Object Oriented Design and Development

Topic 2: Encapsulation and Inheritance

Encapsulation

Object-oriented programming makes use of a technique called encapsulation to control operations on the attributes of a class and prevent unintended errors and data corruption occurring. If we revise last week's Cat class:

public class Cat
{
    private String name;
    private int age, weight;
    
    public Cat (String nameIn, int ageIn, int weightIn)
    {
        this.name = nameIn;
        this.age = ageIn;
        this.weight = weightIn;
    }
    
    public void walk()
    {
        this.weight--;
    }

    public String toString()
    {
        return "Name: " + this.name + " Age: " + this.age + " Weight: " + this.weight;
    }
}

you can see the use of the keywords private and public throughout the code. What do these mean?

Any attribute or method preceded by the keyword private can only be used inside the current class.
Any attribute or method preceded by the keyword public can be used both inside and outside the class.

So you can see that in this example, the methods can be used outside the class but the attributes can only be used inside it.. The main() - repeated below - calls the two methods, walk() and display(), and all references to the attributes are within the methods inside the class.

public class CatApp
{
    public static void main (String[] args)
    {
        Cat clyde = new Cat ("Clyde", 2, 5);
        Cat binnie = new Cat ("Binnie", 5, 4);
        
        System.out.println(clyde);
        System.out.println(binnie);
        
        clyde.walk();
        binnie.walk();
        
        System.out.println(clyde);
        System.out.println(binnie);
        
        clyde.walk();
        System.out.println(clyde);
    }
}

This is common practice and is known as encapsulation. Encapsulation means to keep the inner workings of the class hidden from the outside world, and control access to those inner workings by means of the methods, which act as "gateways" between the outside world and the interior of the class.

Use of toString()

Note that the display() method has been replaced by a toString() method. What does this do? It returns the details of the cat as a String, rather than printing it. Why is that better? It gives more flexibility to the code using the class: it allows the code using the Cat class (CatApp in this case) to choose how to display it, which may not be via System.out.println. For example, a Java web application (which we are looking at later) does not use System.out.println() to display things.

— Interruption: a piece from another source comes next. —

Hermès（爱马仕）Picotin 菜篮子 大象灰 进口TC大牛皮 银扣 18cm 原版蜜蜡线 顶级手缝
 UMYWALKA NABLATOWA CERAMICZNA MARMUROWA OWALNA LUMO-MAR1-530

Note also how we are printing the cats directly:

System.out.println(clyde);
System.out.println(binnie);

When we do this, toString() is used to figure out how to display the cat (or, in general, whatever object we're trying to print).

For the flexibility reason above, you should in general use toString() rather than trying to write methods which print to the console.. It allows your code to be used in non-console environments, e.g. web or Android.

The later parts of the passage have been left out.